The Pew study essentially confirms the claims of most policy analysts outside the government. The war on Iraq has conveyed the impression that the US is determined to exercise force against Arab and Muslim nations more as a revenge for September 11 than as a strategy to prevent more attacks. The problems that Iraqis have faced during the continuing US occupation and the failure to find the huge stockpiles of WMD that Bush and Powell claimed Iraq possessed has hurt American credibility and raised serious questions about its motives and its policy objectives. The continuing chaos in Afghanistan and the post Iraq-war threats to first Syria and then Iran has created a climate of apprehension and resentment against America.

Citizens of Pakistan, America?s primary ally in the war on terror, Nigeria and Indonesia feel that their country is next on the US list. The fear that the US is out to attack other countries makes the global security environment less stable. It discourages cooperation, makes the world unsafe for Americans to travel and do business and radicalizes moderates. It increases the flow of material and moral support to militant groups, weakens and places American allies and pro-democracy intellectuals and groups on the defensive. In general anti-Americanism makes it difficult to promote peace and stability and fight extremism.

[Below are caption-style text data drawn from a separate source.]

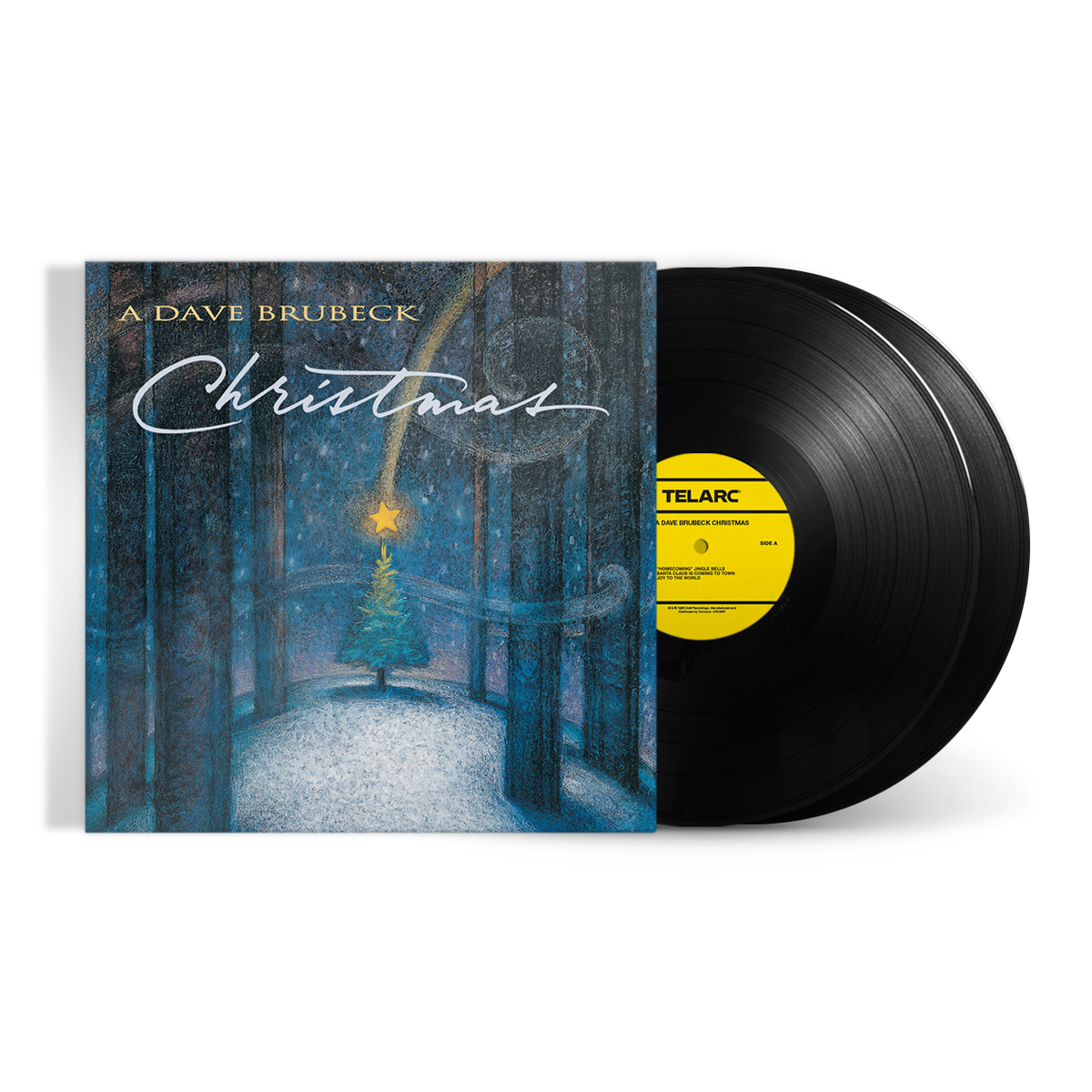 Dave Brubeck – Dave Brubeck A Dave Brubeck Christmas (Black 180G 2-LP,  45-RPM) – Craft Recordings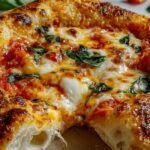 Der beste italienische Pizzateig und Pizza Margherita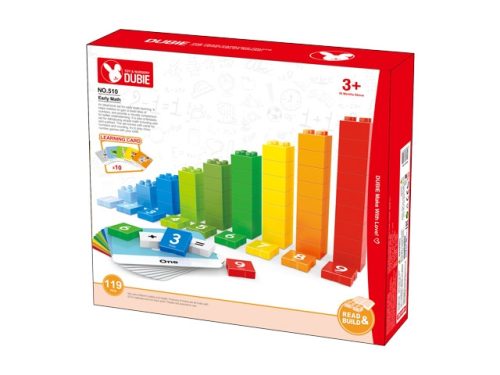 Első matematikai építőkockám - 119 db-os készlet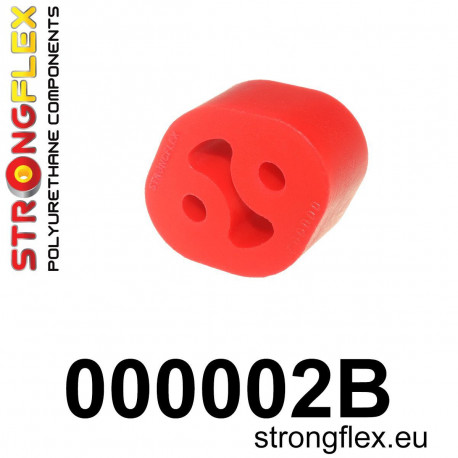 Универсални тампони за ауспуси STRONGFLEX - 000002B: Exhaust mount hanger 27mm | race-shop.bg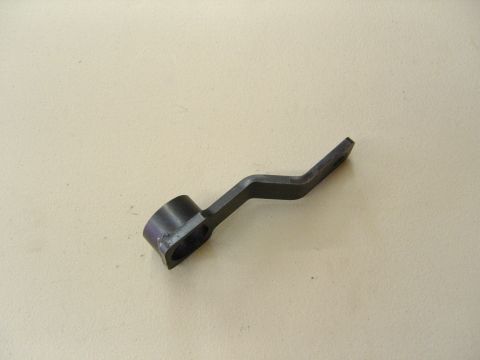2007 Ford Mustang - Photograph of a bent lever-style service tool, not a document.
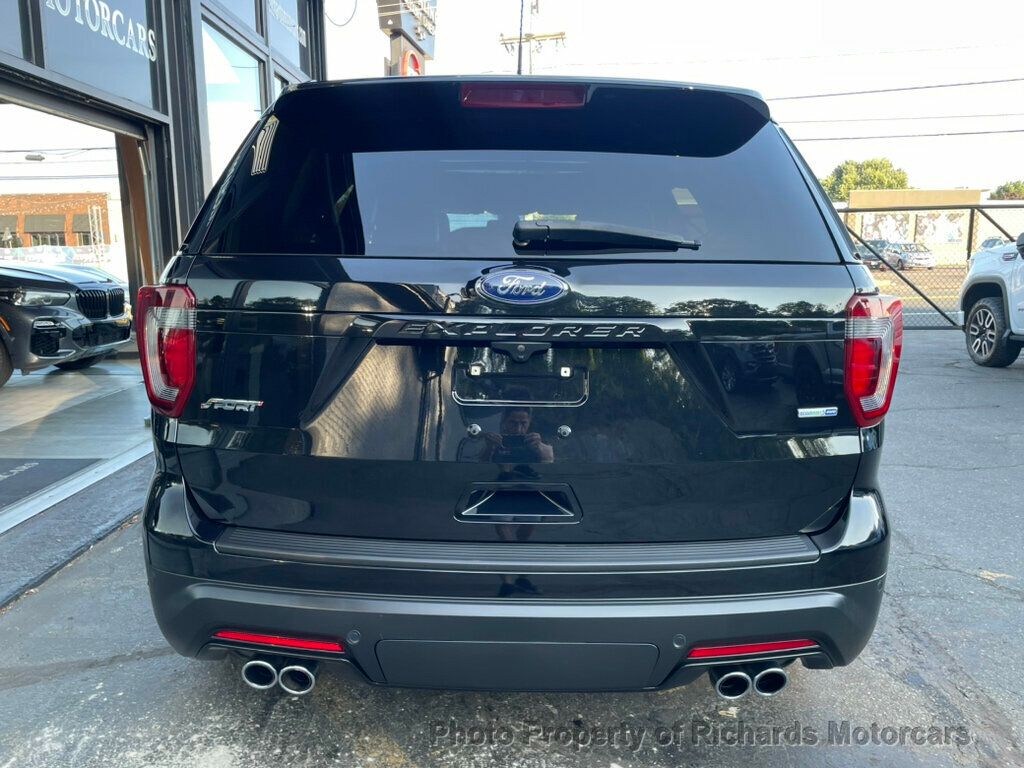 2019 Ford Explorer Sport 4WD - 22583998 - 6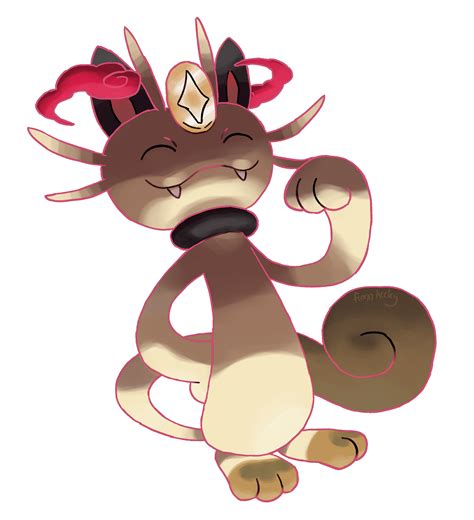 Did a redesign of Gigantamax Meowth to look more like the Team Rocket ...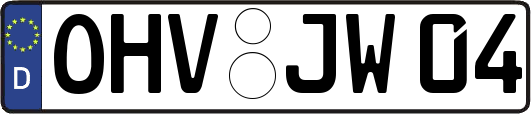 OHV-JW04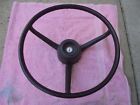 4054gx9 Chrysler Mopar Body Black Steering Wheel Valiant Satellite Road Runner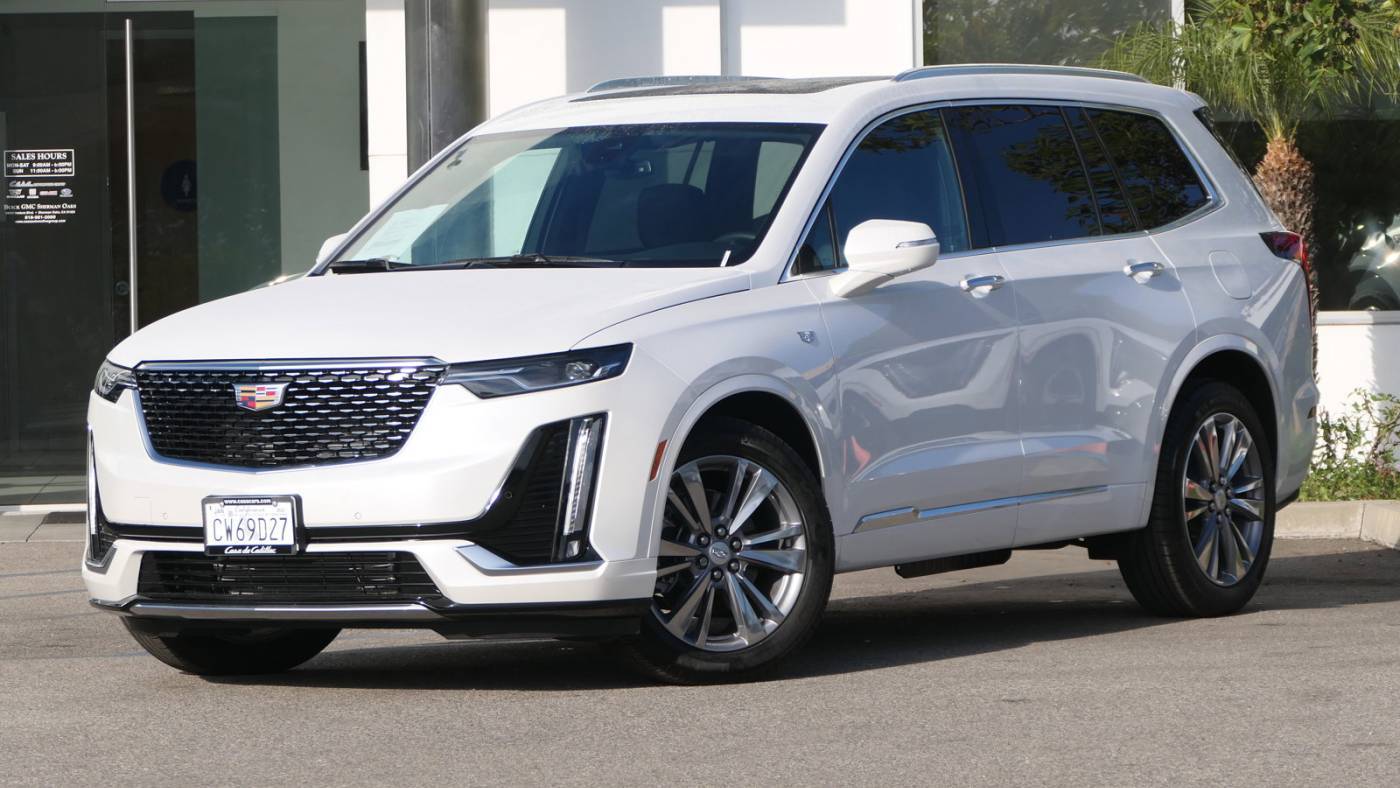 2025 Cadillac XT6 Premium Luxury — SUV — 2,328 mi — Sherman Oaks, CA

Rather than ensuring American security, it seems that American foreign policy, particularly its invasion and now occupation of Iraq, have created conditions which put the US and its interests at greater risk.

President Bush is surrounded by policy hawks that view September 11 as an opportunity to reassert the prerogatives of the American Empire through unilateral use of force. They wish to reshape the world to perpetuate America?s imperial aspirations. Unfortunately for them the world is unwilling to cooperate. The harder they push the more resentment they will generate and the more difficult it will become to save the empire and its interests at minimal costs.

It is time to take the world seriously and reassess the tactics that have been employed until now. Perhaps the President may do well to change his foreign policy team as he did with his economic policy team. At the least he must return the foreign policy portfolio to the State Department and insist that the Department of Defense execute, not make foreign policy. The President might also do well to focus on allaying the fears of the global community and reassure them that the US is neither threatening them nor is it going to pursue interests at the expense of everyone else.

It is time the US once gain became the invisible empire, managing the world through multilateralism, diplomacy and leadership and by defining self interest as shared interests. The current strategy of in your face politics is seriously damaging US reputation and alliances and undermining US security.